I think seeing another 100% gain in affordable solutions is conservative, since 400% is what's possible.


Sure, but a fourfold increase in efficiency does not lead to "effectively zero" land area over time, which is what you claimed.


If the vast majority of buildings used "negative" power (that is that they generated more back into the grid then they took out) due to small scale power generation on premises, then the net effect may not dictate a need for a grandiose centralized solution.

When people compare say a million homes power needs, which is about 1000Gwh/month, in the non-distributed systems you need a 1000Gwh/month solution (think nuclear). However, this hypothetical 4-fold increase in efficiency would need only 7 solar panel (1.6m x 1m) per house for a net zero need distributed system.

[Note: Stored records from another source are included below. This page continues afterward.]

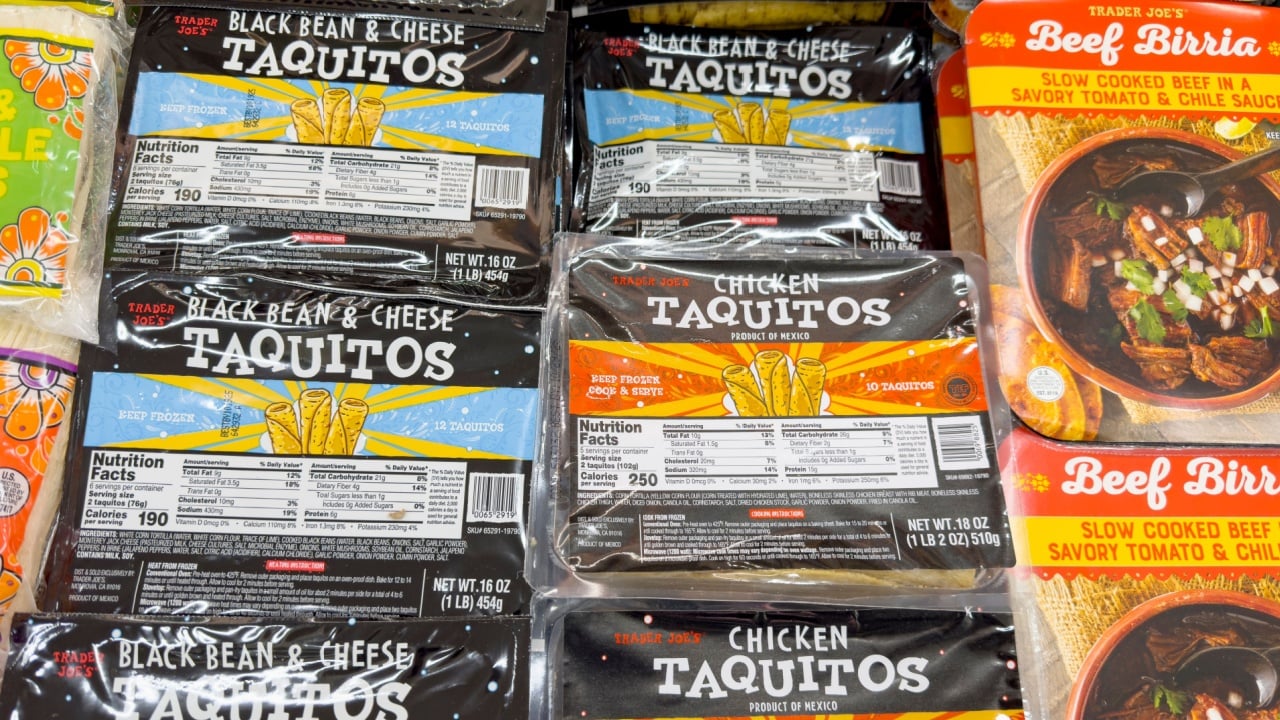 Los Angeles, California, United States - 08-14-2024: A view of several packages of Trader Joe's taquitos.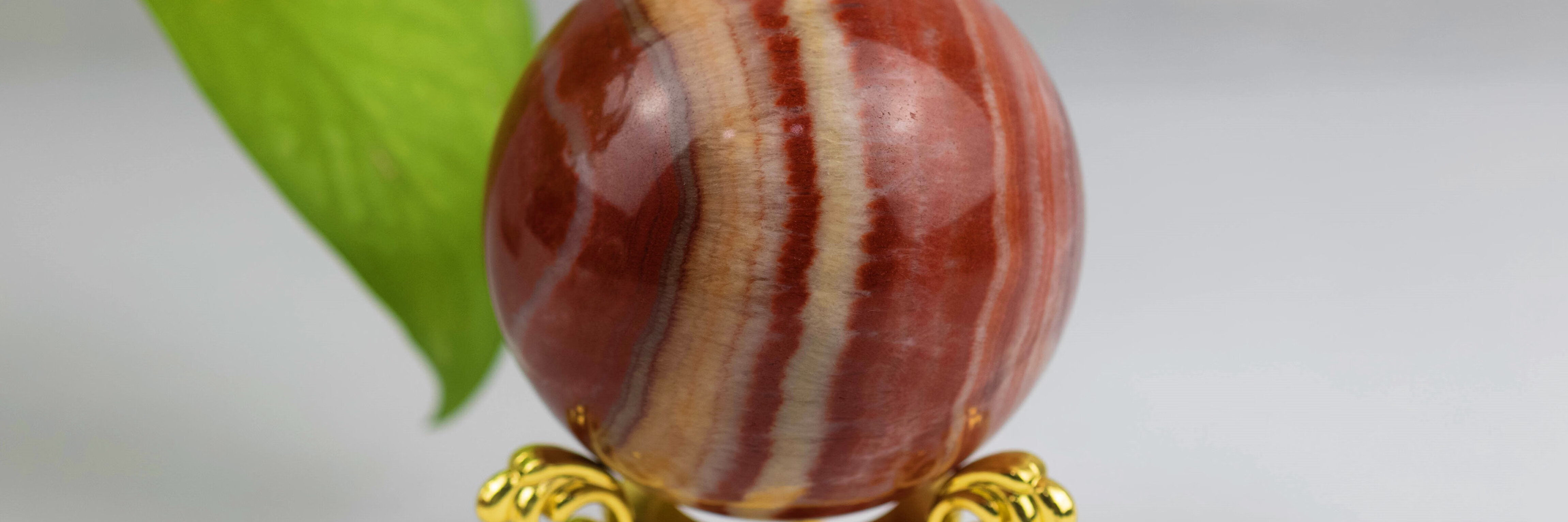 思赞 天然红纹石球摆件 水晶摆件家居摆件原料红纹石打磨 精品4厘米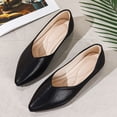 thumbnail image 3 of Flat Shoes for Women Pointed Toe Comfortable Business Casual Work Shoes Dressy Leather Slip on Comfy Footbed Walking Shoes Black Size 9, 3 of 5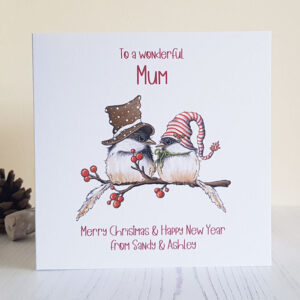 Personalised Two Birds Merry Christmas Card Mum
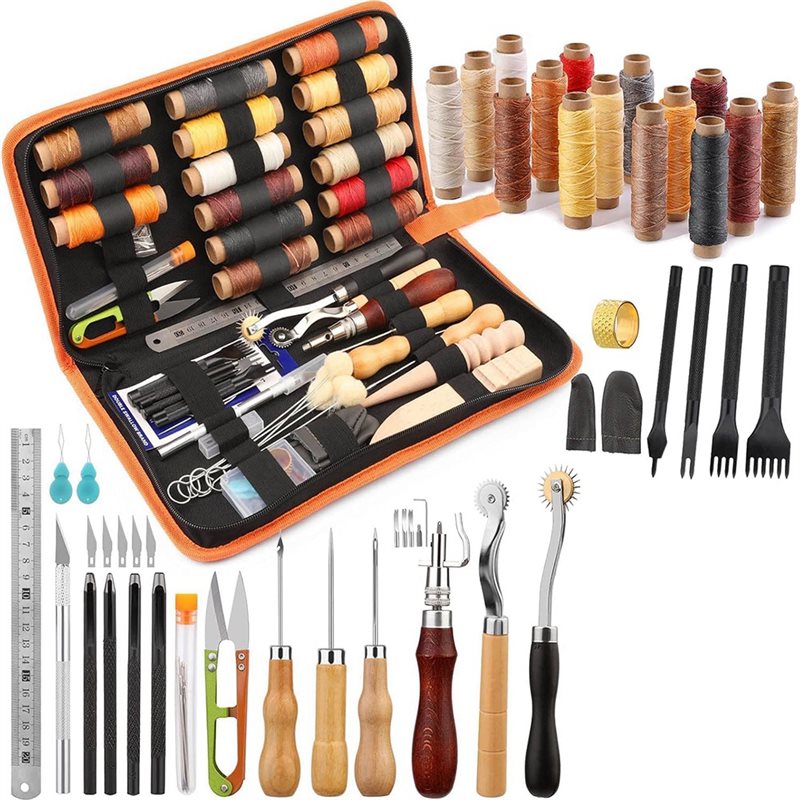 Leatherwork Beginner Tools - AB08-Lederbearbeitungs-Werkzeugset, 66-teilig, mit gewachstem Faden, Rillenformer,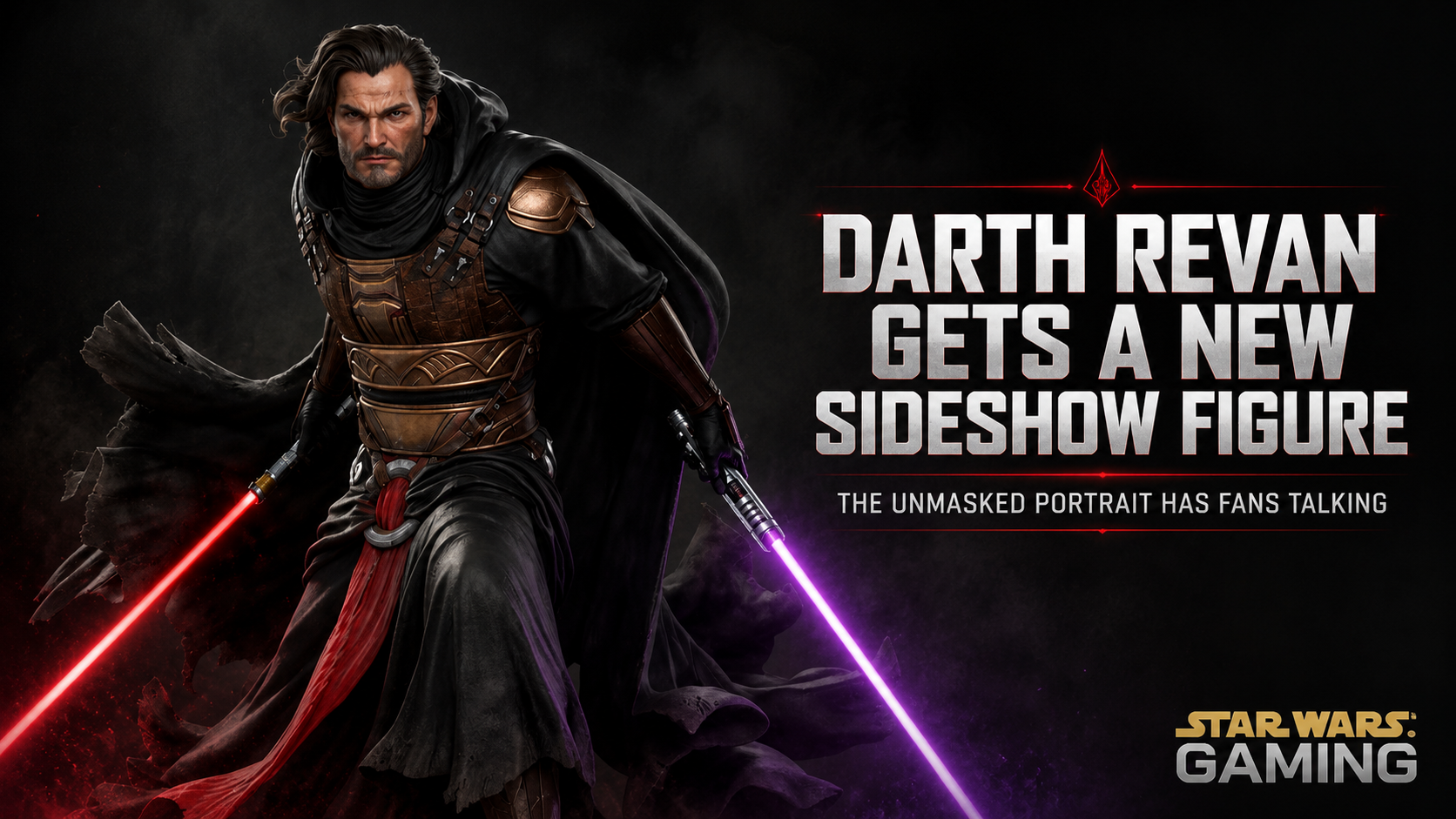 Darth Revan Sideshow figure with unmasked portrait, red and purple lightsabers, and Knights of the Old Republic collector design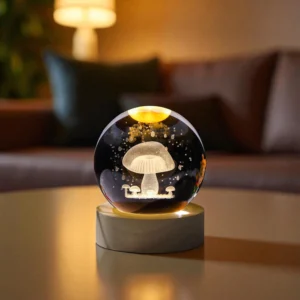 3D Mushroom Engraved Crystal Globe Night Light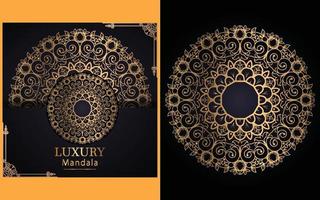 luxury ornamental mandala design background in gold color for yourself vector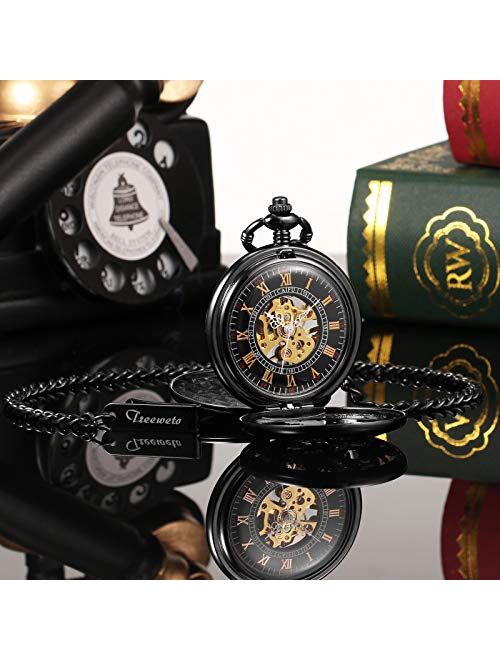 TREEWETO Personalized Engraving Mens Antique Mechanical Pocket Watch Black Lucky Dragon & Phoenix Retro Skeleton Dial Double Cover with Chain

If the right market incentives were there, and in a future market anticipating the swanson curve, someone may install say 25 panels (18 in excess of their need) to generate monthly passive income ("fans" of solar have 30+ panels)

Under this model, someone would be powering their house and two of their neighbors.

You can see how this can add up with the right market structure.

My argument is that in a world of a free-market entrepreneurial energy, you won't need a centralized power generator capable of powering 1 million homes. In fact, you may not need centralized power generation at all.

The future problems aren't going to be in power generation, but in storage.